### Records shown

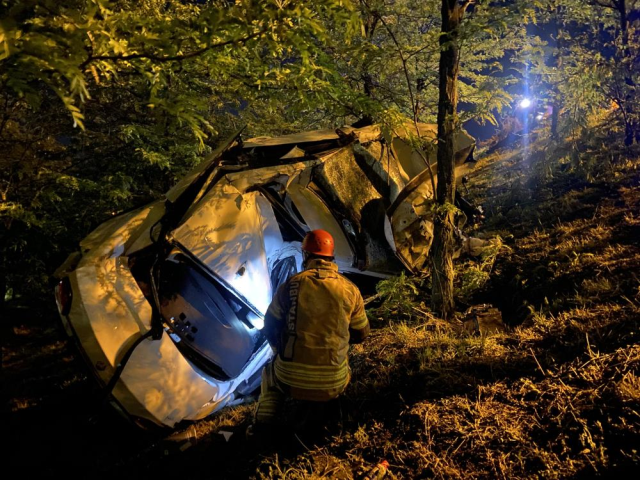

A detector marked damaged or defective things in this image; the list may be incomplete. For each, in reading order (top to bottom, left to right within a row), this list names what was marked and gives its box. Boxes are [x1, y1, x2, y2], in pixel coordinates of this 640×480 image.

severely damaged car [53, 123, 476, 428]
overturned vehicle [53, 123, 476, 428]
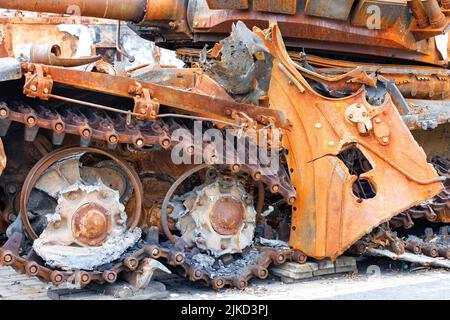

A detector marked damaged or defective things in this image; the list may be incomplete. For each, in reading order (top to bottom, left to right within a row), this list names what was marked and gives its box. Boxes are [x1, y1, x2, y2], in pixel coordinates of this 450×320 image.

orange rusted metal panel [255, 25, 444, 260]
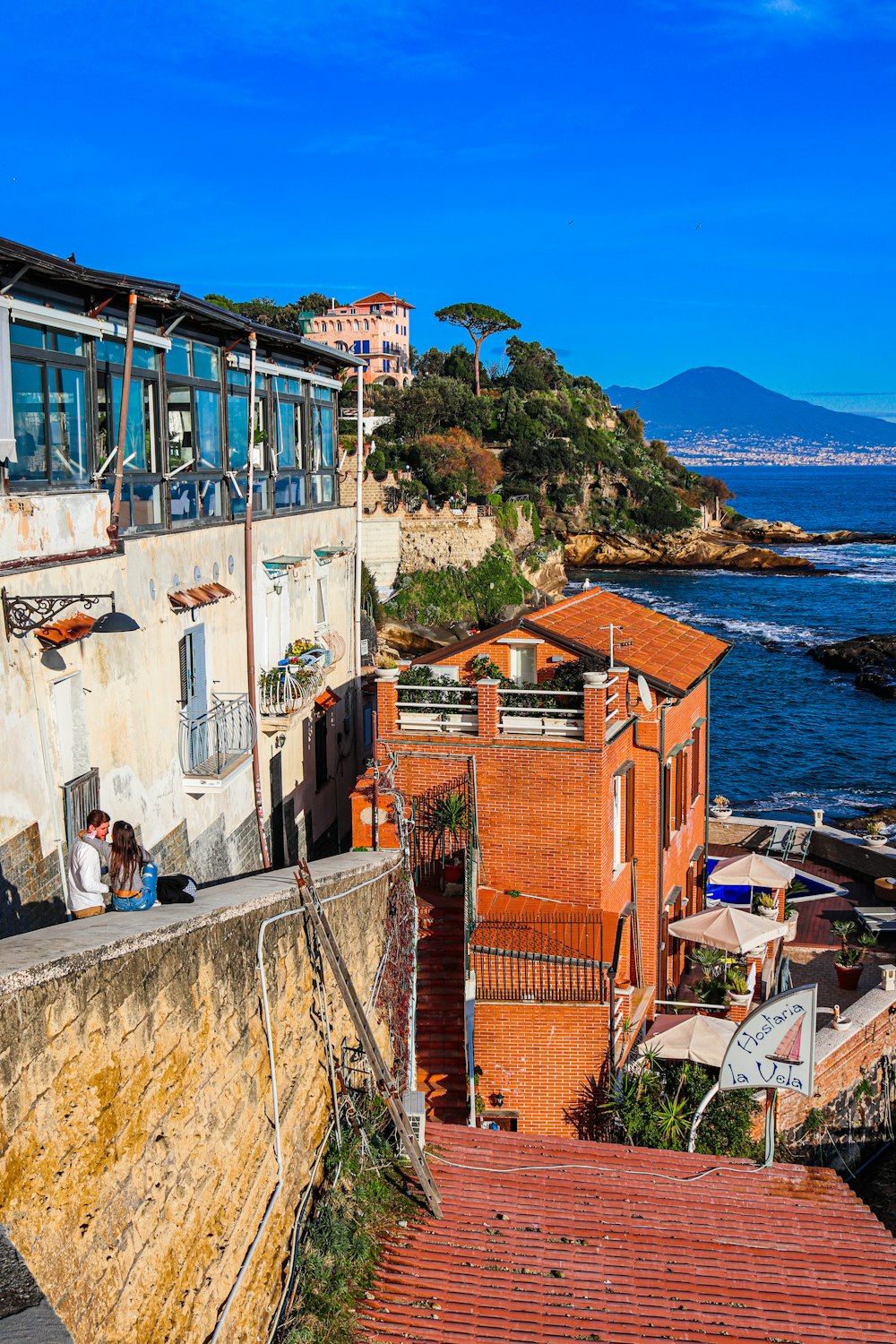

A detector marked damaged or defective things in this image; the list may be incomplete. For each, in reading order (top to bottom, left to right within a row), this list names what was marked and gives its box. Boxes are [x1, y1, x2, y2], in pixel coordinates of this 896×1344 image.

rusted pipe [109, 294, 137, 541]
rusted pipe [246, 332, 269, 867]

######

Exercise instructions
The line containing "this 896×1344 image." opens the range, and the last line of the entries closes it; copy that range exactly.

Answer for this exercise
A detector marked damaged or defective things in this image; the list may be incomplete. For each, in reading order (top to bottom, left to right within a row), this list names what was marked and gives its box. Boxes are [x1, y1, x2, y2], in pixel coordinates of this 896×1344 image.

rusted pipe [109, 294, 137, 541]
rusted pipe [246, 332, 269, 867]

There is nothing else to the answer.